Please return the listing exactly as it stands, skipping any pictures.

→ **Given material**
• • •
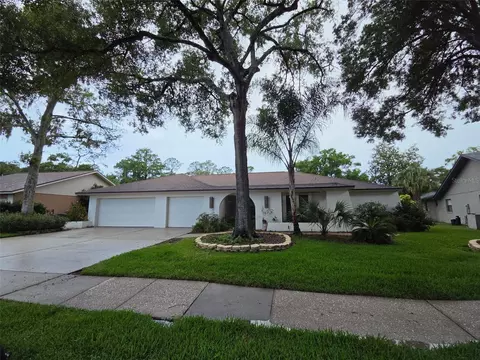 3126 Edgemoor Dr, Palm Harbor, FL 34685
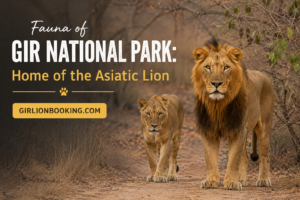 Fauna of Gir National Park Home of the Asiatic Lion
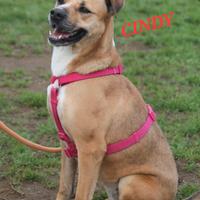 Cani da adottare in canile a Roma nord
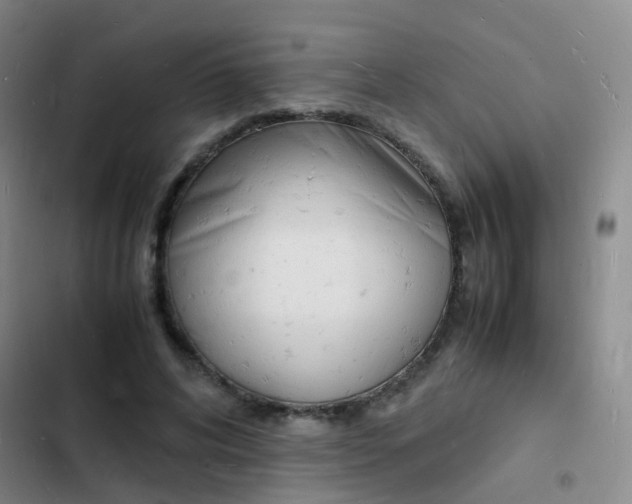 X0000103250592200808281058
• • •
→ **Written answer**
 3126 Edgemoor Dr, Palm Harbor, FL 34685
 Fauna of Gir National Park Home of the Asiatic Lion
 Cani da adottare in canile a Roma nord
 X0000103250592200808281058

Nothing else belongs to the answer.